White Sox

Tyler Saladino's homer helps White Sox snap seven-game skid

Tyler Saladino's homer helps White Sox snap seven-game skid

NEW YORK — Tyler Saladino delivered a sweet — and long overdue — sound to the White Sox on Tuesday night.

The shortstop capped off a career game with a two-run homer in the eighth inning as the White Sox rallied from four down and snapped a seven-game losing streak with a 6-4 win over the New York Mets in front of 32,781 at Citi Field.

Saladino’s homer off reliever Hansel Robles lifted the White Sox to their first win since the opening game of a May 23 doubleheader. He reached base a career-high four times as he also singled, walked twice and stole two bases. David Robertson capped off four scoreless innings from the bullpen with his 13th save.

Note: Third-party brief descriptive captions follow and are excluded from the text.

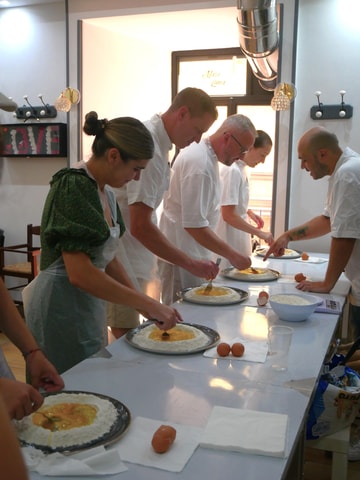 Naples: Pasta Making Class with Starter and Drink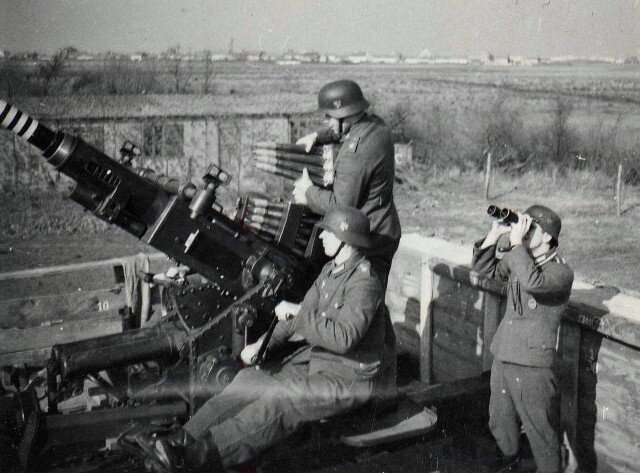 Расчет немецкого 37-мм зенитного орудия FlaK 18.
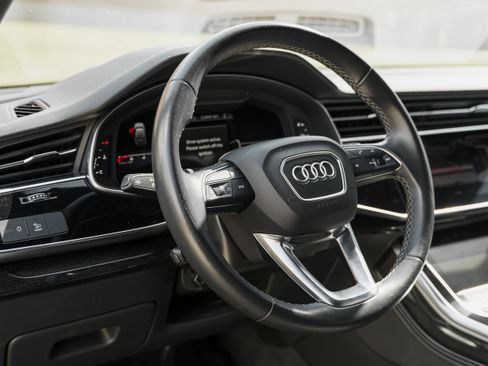 Certified 2025 Audi Q7 3.0T Premium Plus AWD/4WD image 10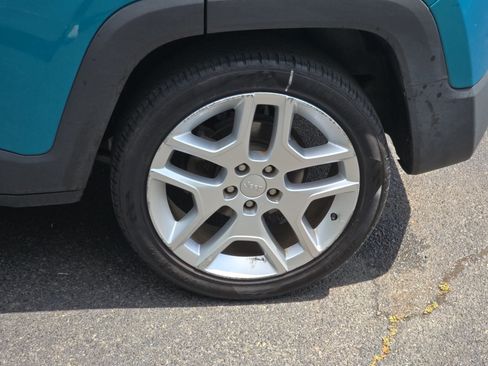 Used 2021 Jeep Renegade Latitude w/ Convenience Group FWD image 34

“It’s huge,” Saladino said. “Losing, especially losing up here, that’s tough. It’s tough on everybody. It weighs on you a little bit. You definitely lose a little bit of sleep. But getting the win, I mean it’s a boost of morale.”

They needed the boost in the worst way.

Losers in six straight series, the White Sox appeared headed for a seventh as Mets starter Steven Matz dominated them early. They trailed 4-0 through five innings. The White Sox showed a much-needed sign of life with a three-run rally off Matz in the sixth.

Several days after manager Robin Ventura addressed them following a loss to the Kansas City Royals, the White Sox completed their comeback off Robles and two Mets relievers in the eighth.

“It can look bleak,” Ventura said. “You’ve got a guy like Matz pitching the way he’s pitching and you can just lay down but they won’t do it.

“You’re down 4-0, I think a lesser group rolls over and just gives up and they won’t do that.”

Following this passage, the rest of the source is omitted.